RECORDS SHOWN:

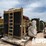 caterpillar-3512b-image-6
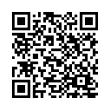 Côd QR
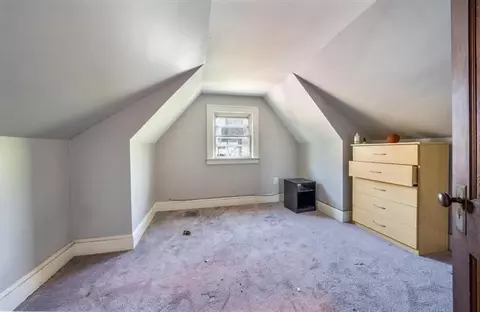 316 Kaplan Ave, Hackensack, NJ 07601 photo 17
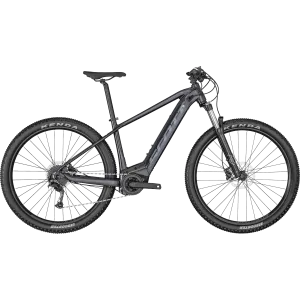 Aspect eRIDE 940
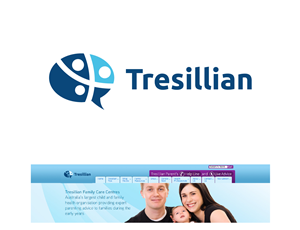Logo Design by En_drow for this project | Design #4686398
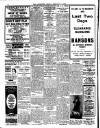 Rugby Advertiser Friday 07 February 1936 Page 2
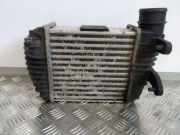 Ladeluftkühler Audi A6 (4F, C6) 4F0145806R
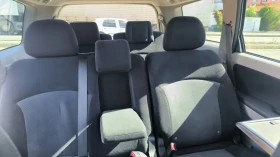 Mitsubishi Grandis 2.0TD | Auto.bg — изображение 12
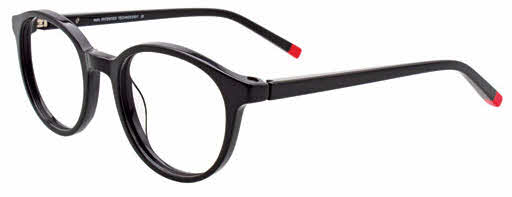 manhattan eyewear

--

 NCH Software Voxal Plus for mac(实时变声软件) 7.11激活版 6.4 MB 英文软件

WHAT IS REQUIRED:
Produce an exact reproduction of the listing above, limited to the lines starting at the line with "caterpillar-3512b-image-6" and ending at the line with "manhattan eyewear", both kept, with every picture left out.

SOLVED EXERCISE:
 caterpillar-3512b-image-6
 Côd QR
 316 Kaplan Ave, Hackensack, NJ 07601 photo 17
 Aspect eRIDE 940
Logo Design by En_drow for this project | Design #4686398
 Rugby Advertiser Friday 07 February 1936 Page 2
 Ladeluftkühler Audi A6 (4F, C6) 4F0145806R
 Mitsubishi Grandis 2.0TD | Auto.bg — изображение 12
 manhattan eyewear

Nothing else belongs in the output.